Abstract

Bisphenol A (BPA) is an endocrine disrupting chemical which poses great concern because of its high proportionate industrial production, omnipresent human exposure and budding toxic consequences in human. A plethora of previous studies has connected BPA to a variety of negative health outcomes and diabetes mellitus is among the first bencher. However, there is disagreement over the degree of toxic effects generated by low and high doses of BPA and critical period of exposure. Furthermore, the safe level of BPA determined by classical toxicological studies does not protect pancreatic islet cells from low dose effects of BPA. Thus, the extremities of toxic effects on pancreatic islets associated with BPA exposure are complicated and contentious.
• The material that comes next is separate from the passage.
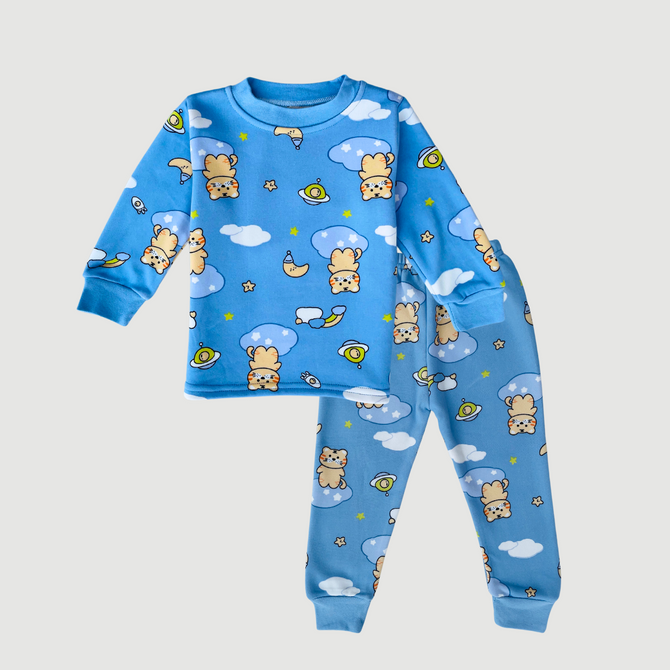 Cat in Sky in Blue FF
In this review, we highlighted different cellular and molecular pathways targeted by BPA to mediate its action on pancreatic islets with consideration of both low and high dose effects. Besides estrogen receptor α and β, BPA also uses non canonical membrane bound estrogen receptor and G-protein coupled estrogen receptor to confer its toxic effects. In doing so, BPA modulates ion channels, and transcription factors; causes aggregation of human islet amyloid polypeptide, endoplasmic reticulum and mitochondrial stress; and results in activation of NFκB in pancreatic β cells. BPA also renders a major shift in β to α cell ratio in islets causing deregulated glucagon secretion. Hence, understanding of various mechanisms of BPA action on the pancreatic islets will provide meaningful insights in recognizing the risk posed by exposure to low and high doses of BPA.